Radial Tunnel Syndrome
Radial Tunnel Syndrome is entrapment of the Posterior Interosseous Nerve (PIN), the major branch of the Radial Nerve, near the outside of the elbow. Radial Tunnel Syndrome leads to pain on the outside of the elbow, and its symptoms are often confused with the much more common Tennis Elbow. While the pain of Radial Tunnel Syndrome can radiate down the forearm, unlike most other nerve compressions there is no numbness or tingling involved. Similar to other nerve compressions, the pain of Radial Tunnel Syndrome often occurs at night.

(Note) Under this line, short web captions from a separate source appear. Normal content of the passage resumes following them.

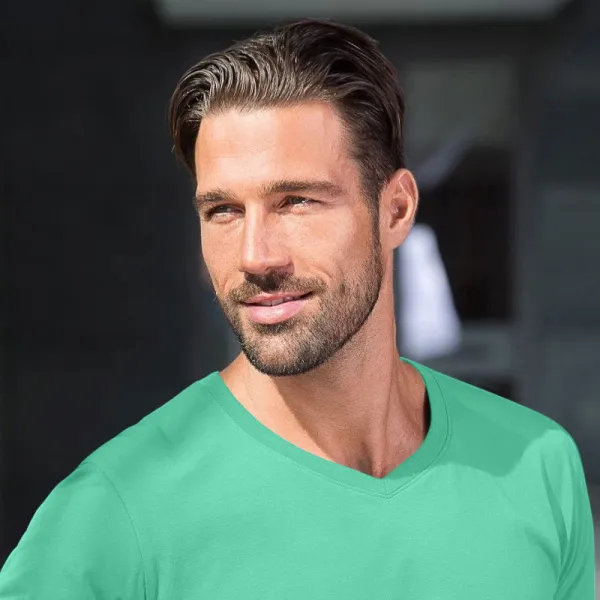 Pánske priliehavé tričko - Výstrih do V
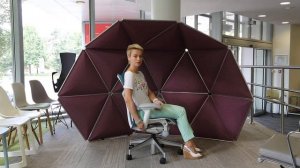 Обзор кресла Mirra 2 Herman Miller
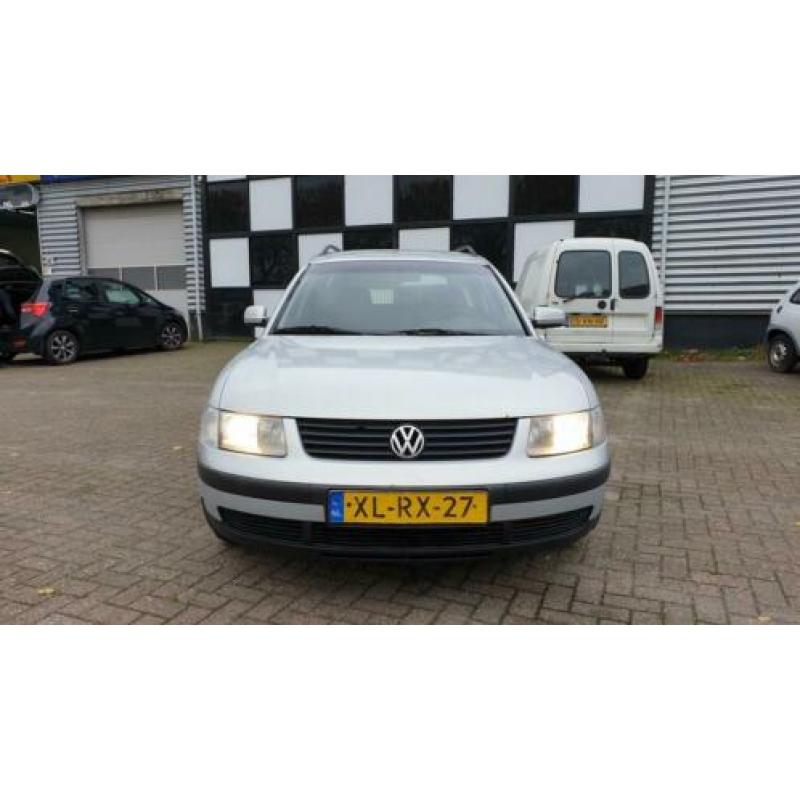 Volkswagen Passat Variant 1.6 Comfortline Zeer nette en goed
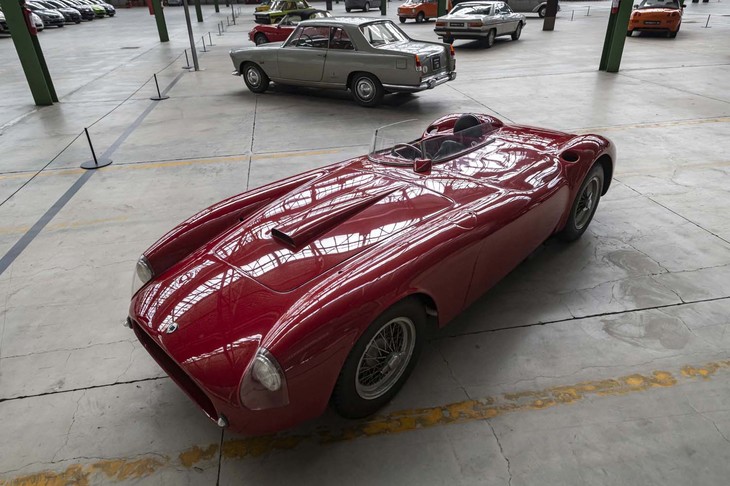 これも珍しいレーシングカー「ランチアD25」。1954年と1955年に製作された。先代「D24」の後継車としてプロジェクトが立ち上げられたが、ランチアが販売不振による経営難に陥っていたこともあり、十分な準備ができぬまま1954年にデビュー。好成績を残すことはできなかった。3749ccのV6エンジン搭載、3台製作されたようだ。写真のモデルはピニンファリーナの手になるものと思われる。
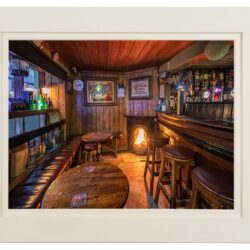 Farmes-Home-Bar_MOUNT The Farmers Home Irish Pub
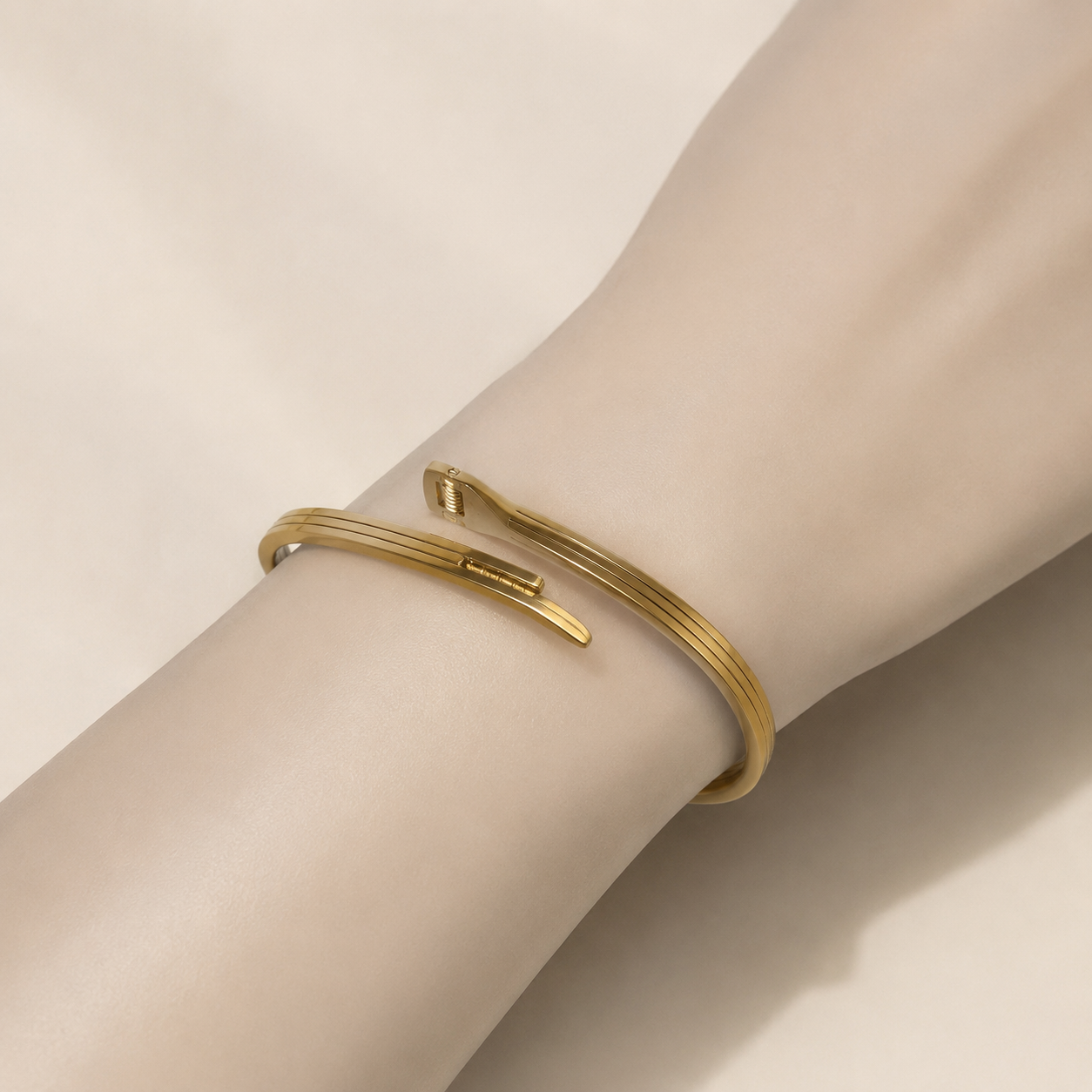 Luxe Nail Cuff Bracelet | Anti Tarnish Waterproof Gold Bracelet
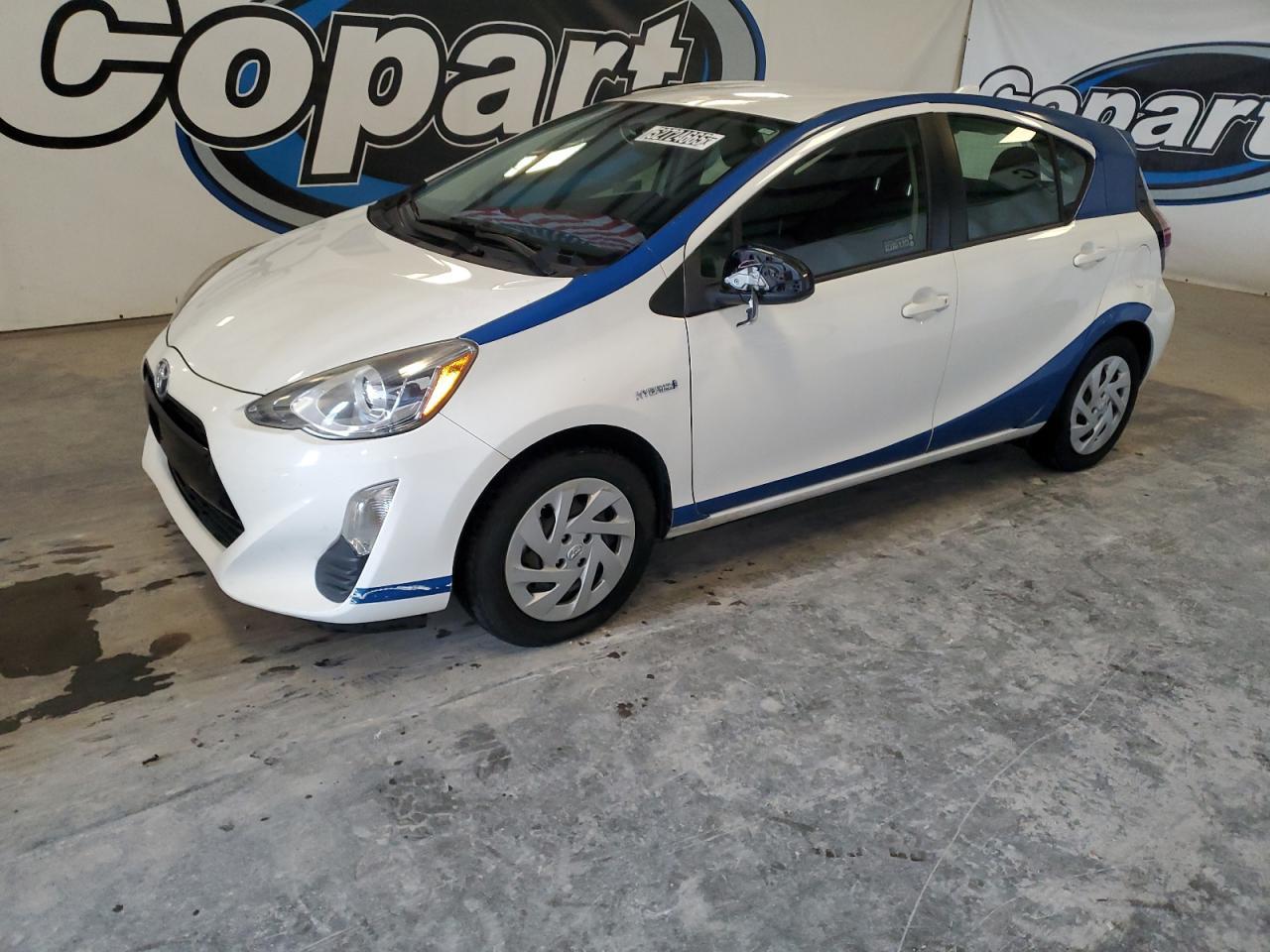 2016 TOYOTA PRIUS C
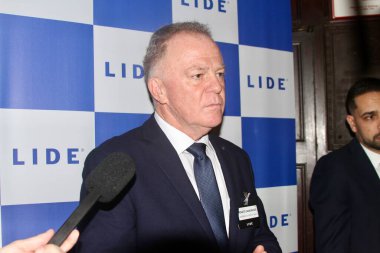 13 Mayıs 2025, New York, ABD: Renato Casagrande, New York 'taki Harvard Club' da düzenlenen 14. Lide Brezilya Yatırım Forumu sırasında (niyi fote / theenews2)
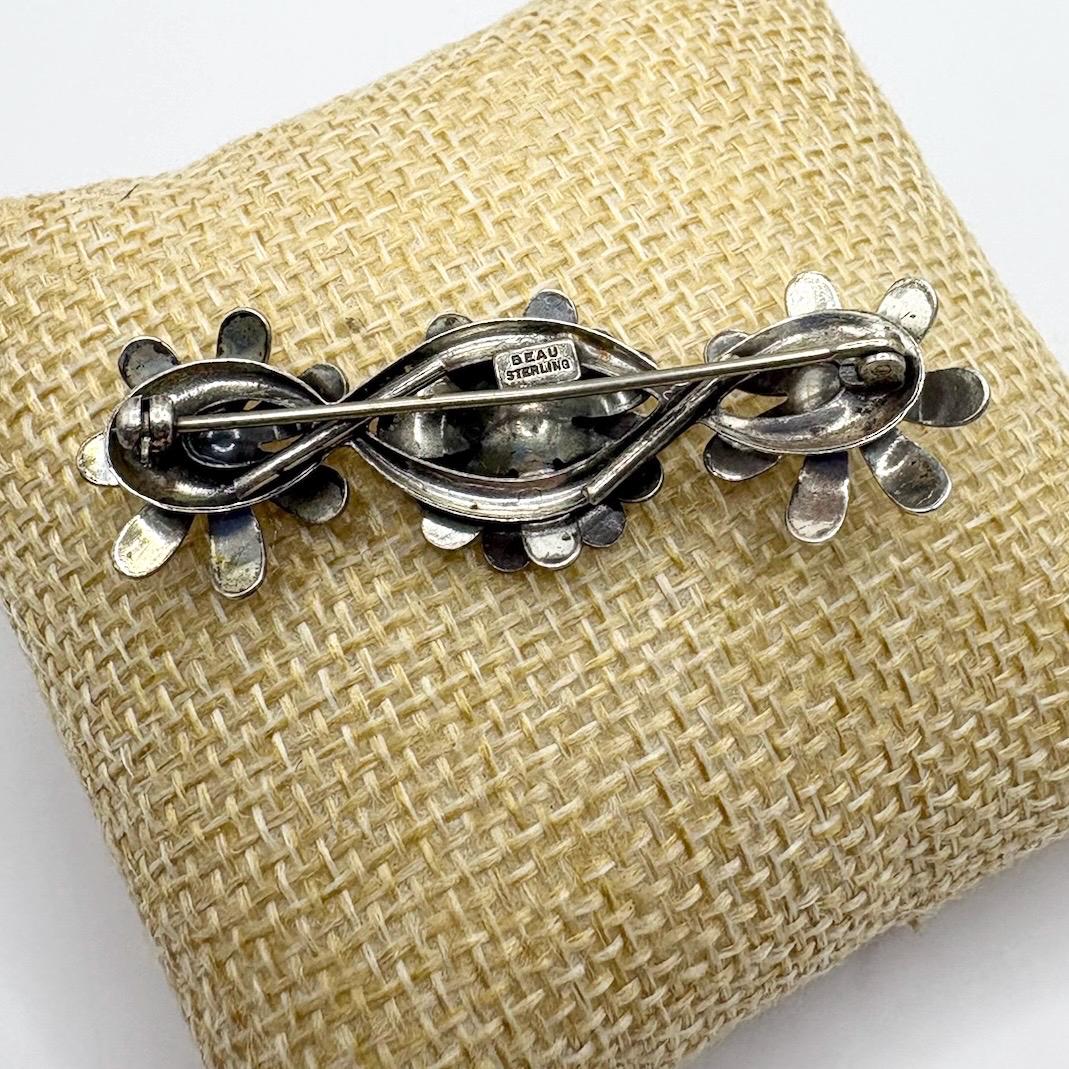 Vintage Brooch Pin of Silver Daisies and Made by Beau Sterling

The diagnosis of Radial Tunnel Syndrome is best made with a physical examination by an experienced Orthopedic Upper Extremity or Elbow Surgeon. While there are many tests alleged to help differentiate Radial Tunnel Syndrome from Tennis Elbow, the 2 most accurate factors that help diagnose Radial Tunnel Syndrome are 1) The point of maximum tenderness, 2) Response to a diagnostic injection. Nerve studies are notoriously insensitive for Radial Tunnel Syndrome, and it’s uncommon that they help with this diagnosis.
The point of maximum tenderness for Radial Tunnel Syndrome is over the Radial Tunnel, which is located on the forearm close to the elbow, 2 inches away from the tendons affected by Tennis Elbow. A diagnostic injection is probably the best way to make the diagnosis of Radial Tunnel Syndrome. Diagnostic injections are analogous to a dentist trying to determine which tooth is causing mouth pain. If numbing a certain tooth resolves the pain, then that’s the painful tooth. If numbing a tooth resolves part of the pain, then part of the pain is coming from that tooth and part is coming from somewhere else.
Following a diagnostic injection into the Radial Tunnel, the PIN will not work for 3-4 hours, making it difficult to use the hand because wrist and finger extension will be temporarily lost. If there’s any question as to whether or not both Tennis Elbow and Radial Tunnel Syndrome are present, it’s best to inject the Tennis Elbow area first, as the lack of wrist extension following the Radial Tunnel injection will make it difficult to perform the physical examination for Tennis Elbow. If the elbow pain is resolved following a Radial Tunnel injection, then the diagnosis of Radial Tunnel Syndrome is confirmed.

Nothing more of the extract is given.